Task directions:
Without including any images, repeat the listing below exactly.

Supplied information:
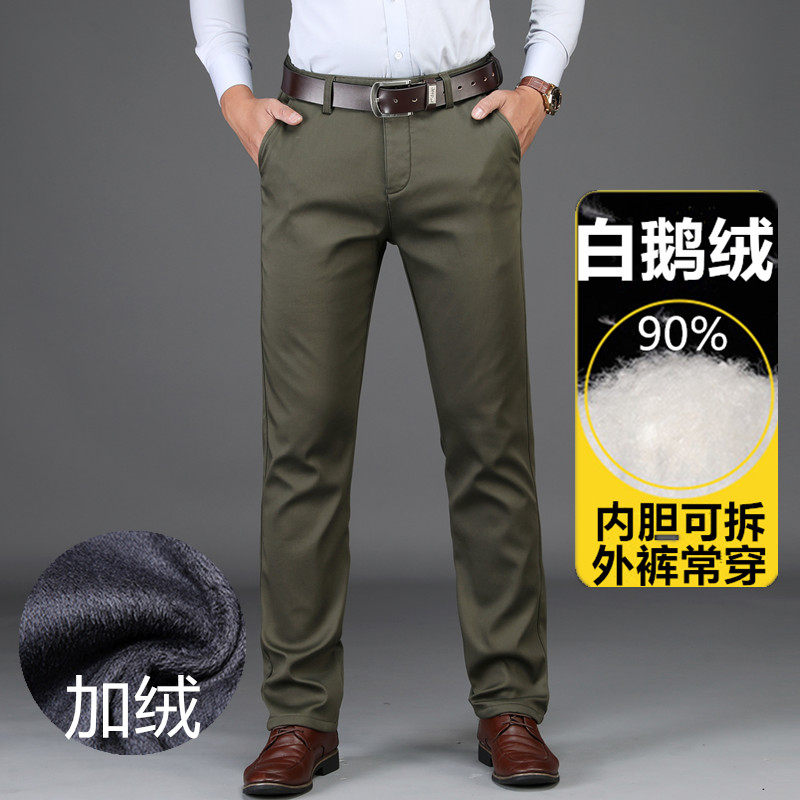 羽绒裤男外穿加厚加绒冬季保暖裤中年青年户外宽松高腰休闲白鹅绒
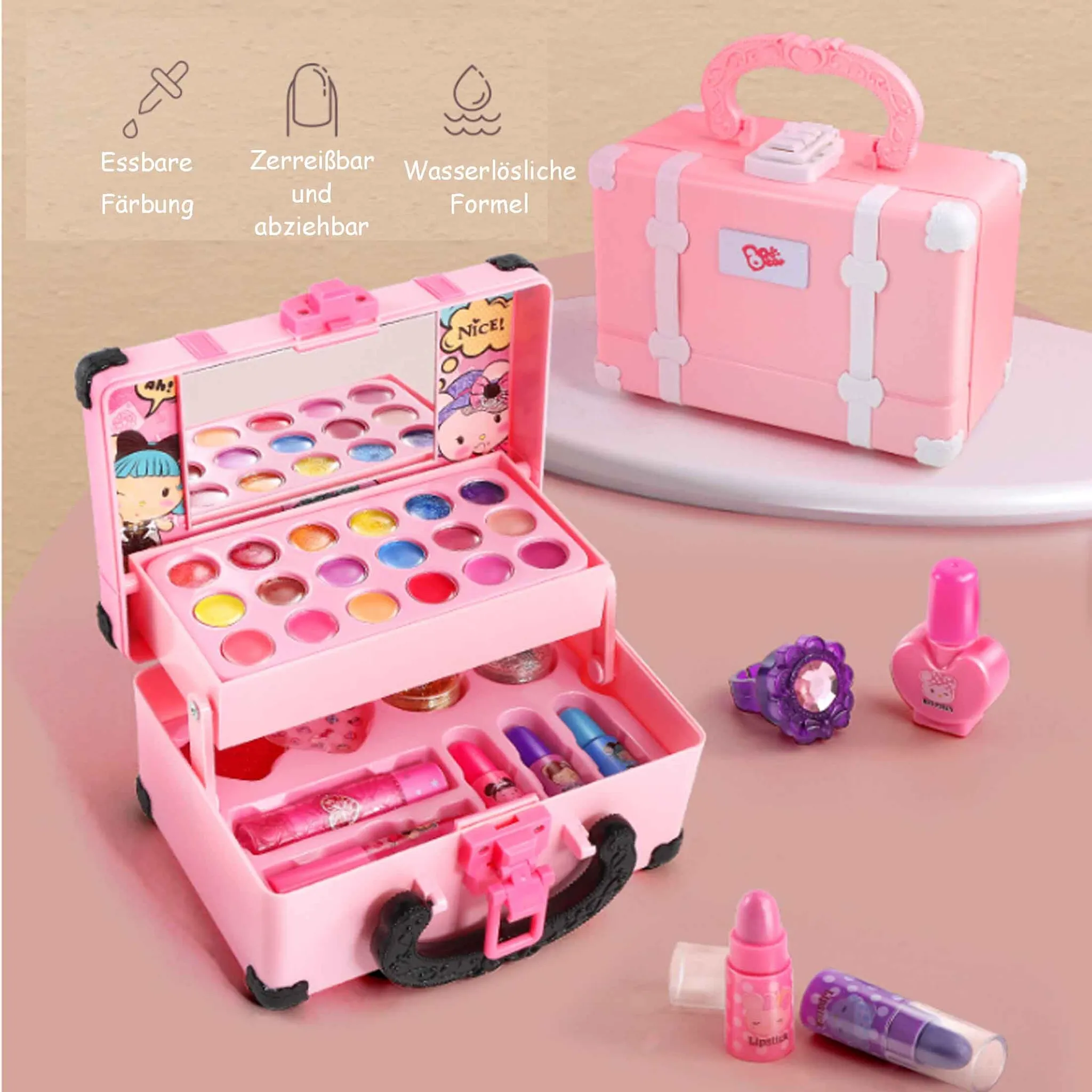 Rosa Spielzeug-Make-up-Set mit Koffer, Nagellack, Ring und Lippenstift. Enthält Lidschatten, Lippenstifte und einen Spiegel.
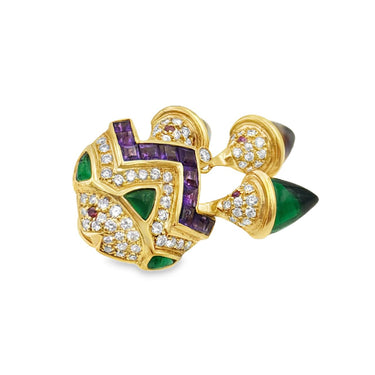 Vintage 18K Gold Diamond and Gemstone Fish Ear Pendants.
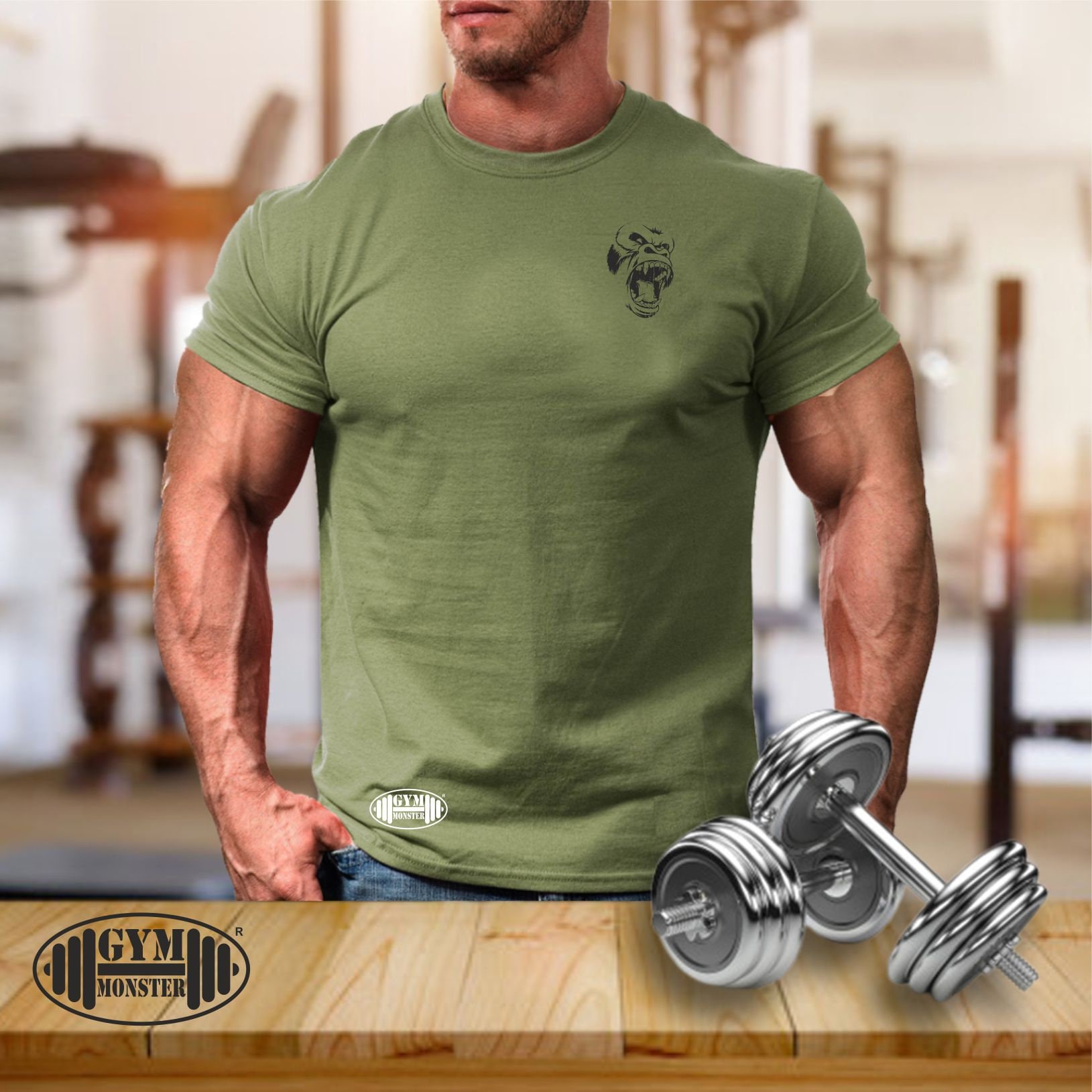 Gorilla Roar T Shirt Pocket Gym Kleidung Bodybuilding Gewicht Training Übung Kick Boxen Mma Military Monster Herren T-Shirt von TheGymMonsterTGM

Task response:
 羽绒裤男外穿加厚加绒冬季保暖裤中年青年户外宽松高腰休闲白鹅绒
 Rosa Spielzeug-Make-up-Set mit Koffer, Nagellack, Ring und Lippenstift. Enthält Lidschatten, Lippenstifte und einen Spiegel.
 Vintage 18K Gold Diamond and Gemstone Fish Ear Pendants.
 Gorilla Roar T Shirt Pocket Gym Kleidung Bodybuilding Gewicht Training Übung Kick Boxen Mma Military Monster Herren T-Shirt von TheGymMonsterTGM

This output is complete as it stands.